La vicenda ha luogo in un posto non meglio precisato dell’Europa centrale: due donne, una madre e sua figlia Marta, portano avanti una locanda – spogliata di ogni caratterizzazione tanto da renderla luogo simbolico – uccidendo alcuni degli avventori facoltosi e solitari che pernottano presso di loro. L’arrivo del figlio Jan, che si era allontanato molti anni prima per cercare fortuna altrove, mette nuovamente in moto il meccanismo: l’uomo decide di non rivelare la sua identità – contribuendo a forgiare quel destino di cui diviene quasi uno zimbello – e non viene riconosciuto dalle due donne, che decidono di attuare come sempre il loro piano. Sua moglie Maria, che insiste affinché Jan usi «parole semplici» e si riveli alla famiglia, viene quindi allontanata, mentre il giovane si sistema nella fredda camera in cui gli sarà servita una bevanda contenente sonnifero. Madre e figlia, per la prima volta, esitano nel compiere la loro azione criminale: la prima ribadisce numerose volte la sua fatica, quasi una stanchezza atavica o un male di vivere, mentre l’ostinatezza della seconda finirà per convincerla.
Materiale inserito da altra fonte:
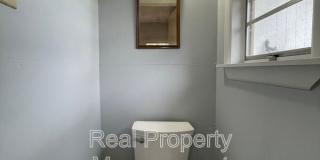 1875 Lombard Dr. Gallery 19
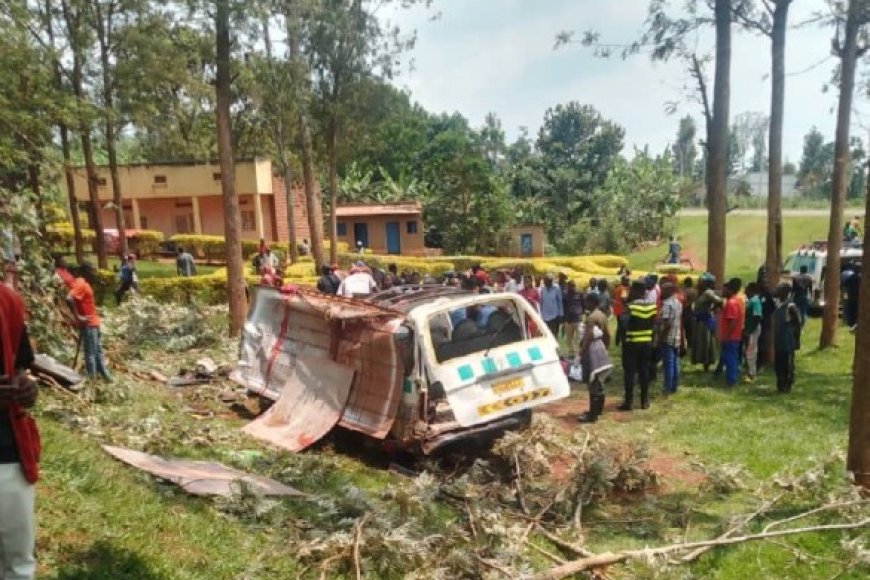 Kayonza: Abantu babiri nibo bapfiriye mu mpanuka ikomeye abandi 16 barakomereka bikomeye cyane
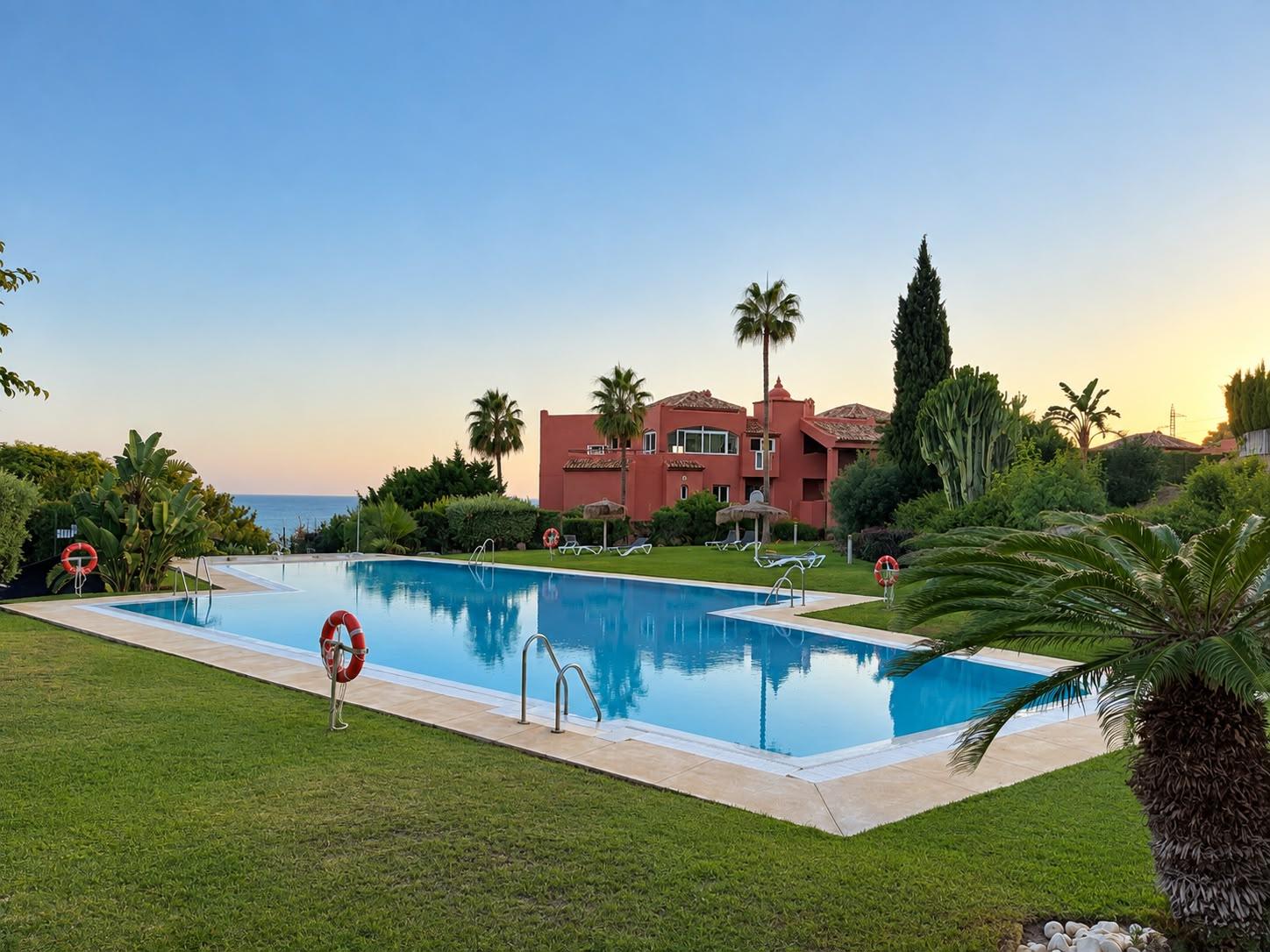 Semi-detached House for Rent in Benalmádena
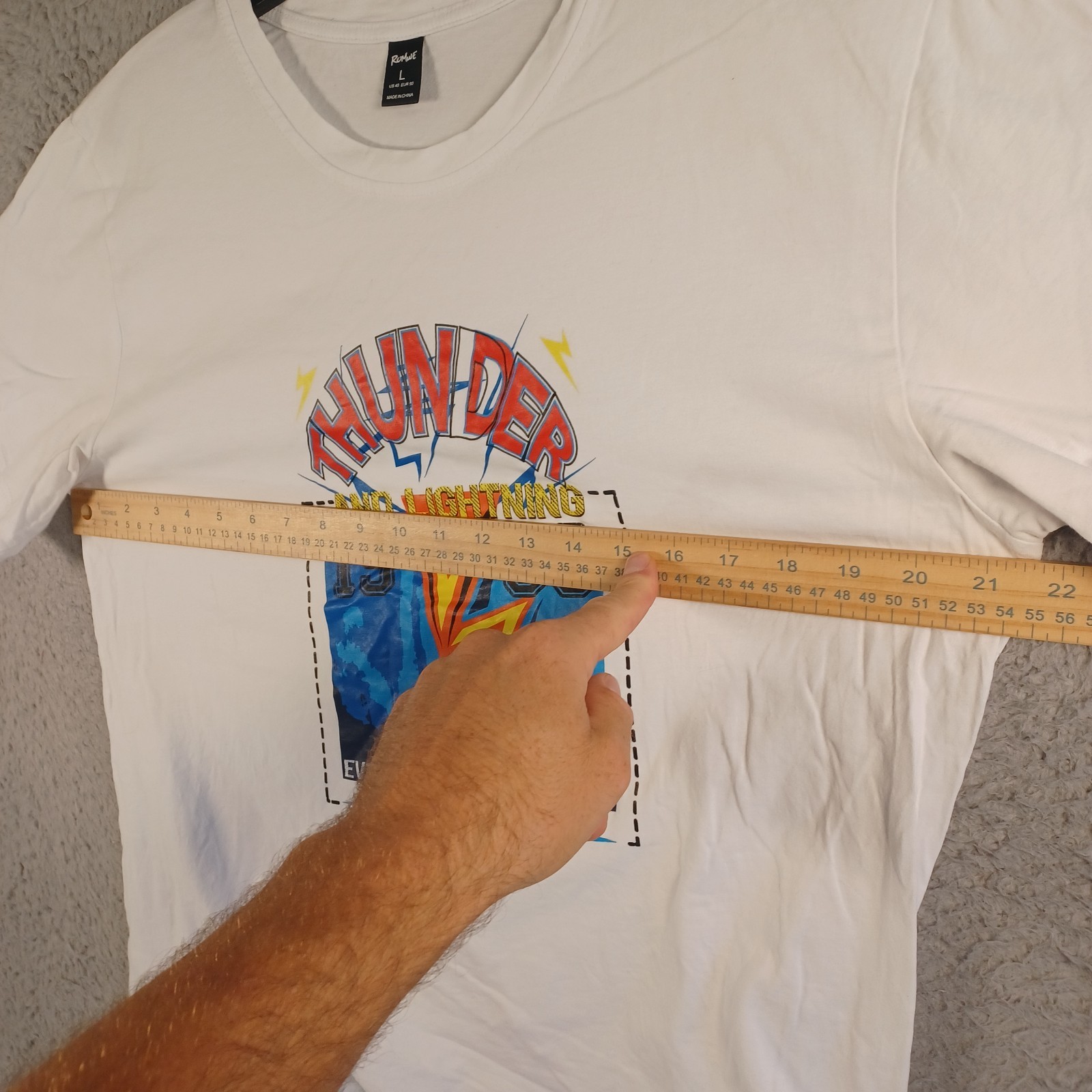ROMWE Thunder And Lightning Mens White T-Shirt Size Large 1989 Best Quality Soft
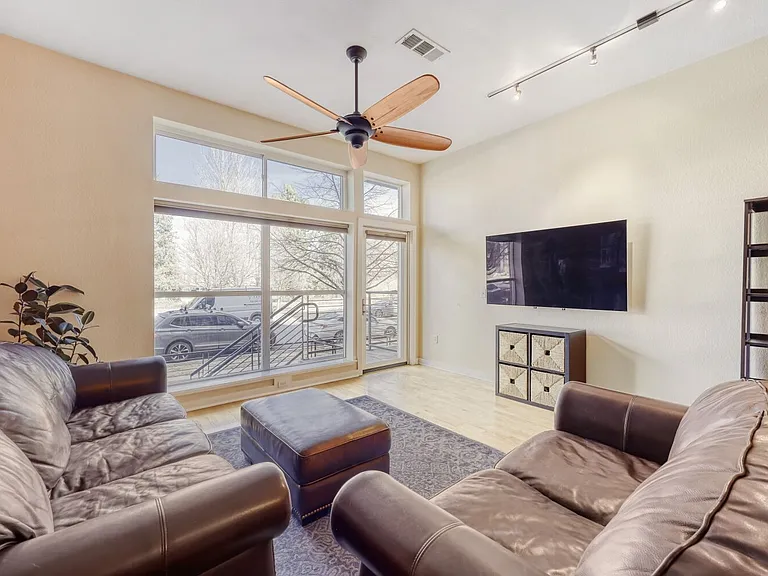 7240 W Custer Ave #112 — Photo 3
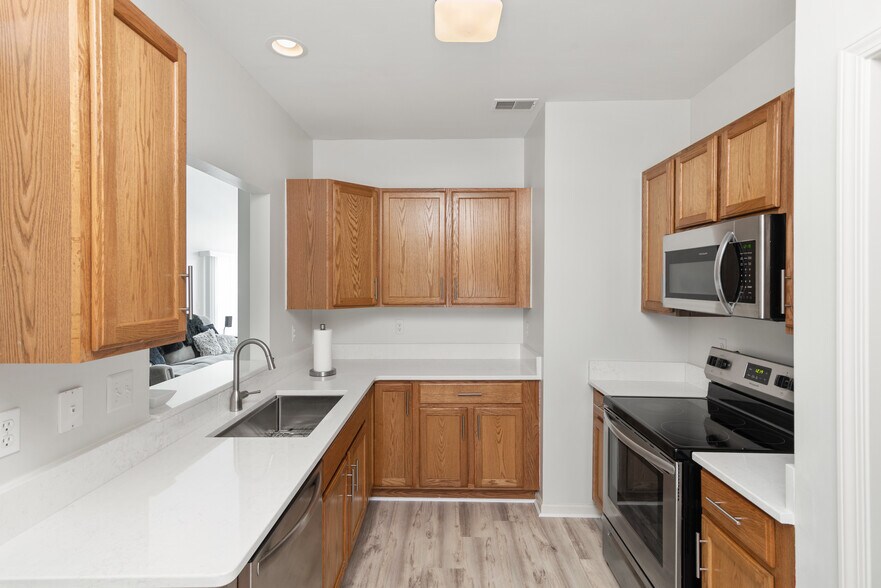 Building Photo - 25820 Maritime Cir N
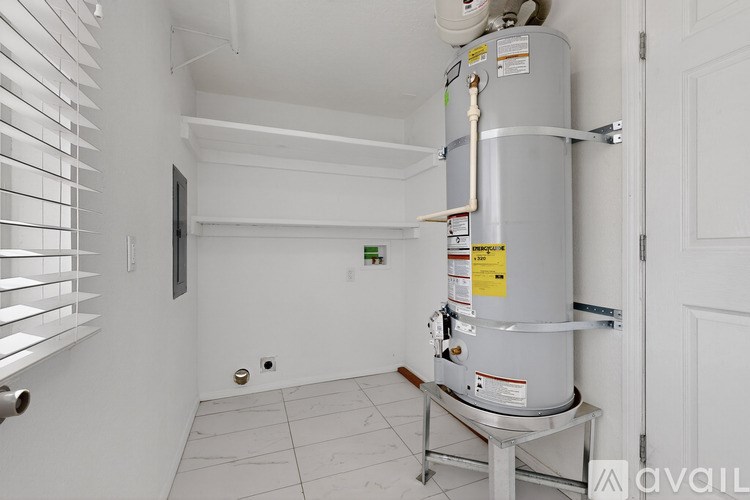 Source URL: https://prod-avail.s3.amazonaws.com/public_images/41504621/listing/1000026193.jpg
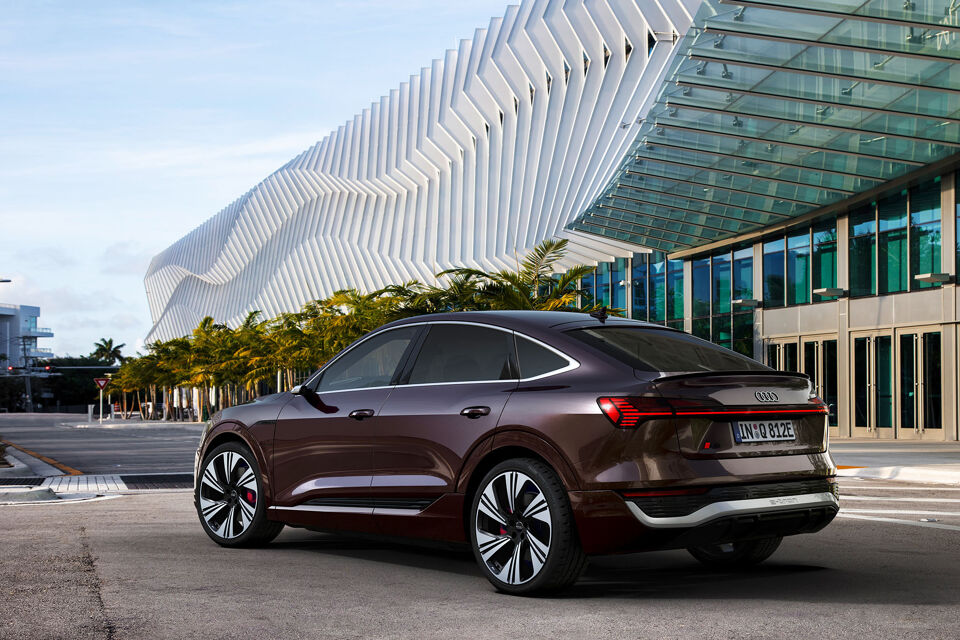 Q8 Sportback e-tron 2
Per la figlia, che ha trascorso le sue giornate migliori nel grigiore della locanda senza essere amata e considerata da nessuno, è questo l’ultimo delitto che la separa dall’inizio di una nuova vita in luoghi tropicali, vicina al mare in cui sogna di immergersi. Paradossalmente, è lo stesso Jan che la convince ad ucciderlo rinnovando nella sua fantasia le immagini di spiagge, fiori e primavere dei luoghi nei quali ha vissuto. Il vecchio domestico, l’unico che sin dall’inizio è consapevole dell’identità del giovane, non fa nulla per avvertire le donne e lascia semplicemente che compiano lo scempio: è il Caso, o Dio, nella concezione che Camus intende conferirgli, e il suo «No» finale – una delle due sole battute che Renato Carpentieri pronuncia in scena – alla richiesta di aiuto da parte della vedova Maria ne è la riprova. Camus 2


Madre e figlia, conosciuta la verità, si uccidono entrambe, ma spinte da diverse necessità e in modi diversi: la vecchia signora si abbandona nelle stesse acque del fiume in cui è stato trascinato il corpo del figlio, mentre la seconda fa riferimento ad una trave robusta di una delle stanze della locanda. Evidente la simbologia legata all’acqua, elemento che in tutte le culture fin dalle origini è emblema della purificazione: c’è qualcosa nella morte per acqua dell’anziana donna stanca dell’Ofelia shakespeariana e di quella, più recente, di Virginia Woolf che si abbandonava ai flutti del fiume Ouse, nel Sussex. Restano alcuni degli interrogativi posti dall’autore: perché il figlio non si riveli semplicemente alla famiglia, innanzitutto, e quale sia il compito dell’uomo una volta accettata l’idea che la vita è un assurdo che non può essere risolto postulando l’esistenza di una divinità. Eccellente la prova attoriale di Maria Grazia Mandruzzato nei panni della madre, che riesce a rendere con una recitazione calibrata e intensa, non banale la regia di Renato Carpentieri, sostenuta da una scenografia semplice ma funzionale e impreziosita dagli ottimi costumi di Annamaria Morelli. Nella spietatezza quasi senza confini della figlia, invece, si ritrova in parte il personaggio della Peste protagonista de Lo stato d’assedio del 1946, con cui condivide una battuta – «l’amore, che cos’è?» – e bisogna forse fare riferimento ad una battuta dello stesso testo di Camus per comprendere il significato ultimo dell’opera dell’autore: «Essere un uomo, questo m’interessa».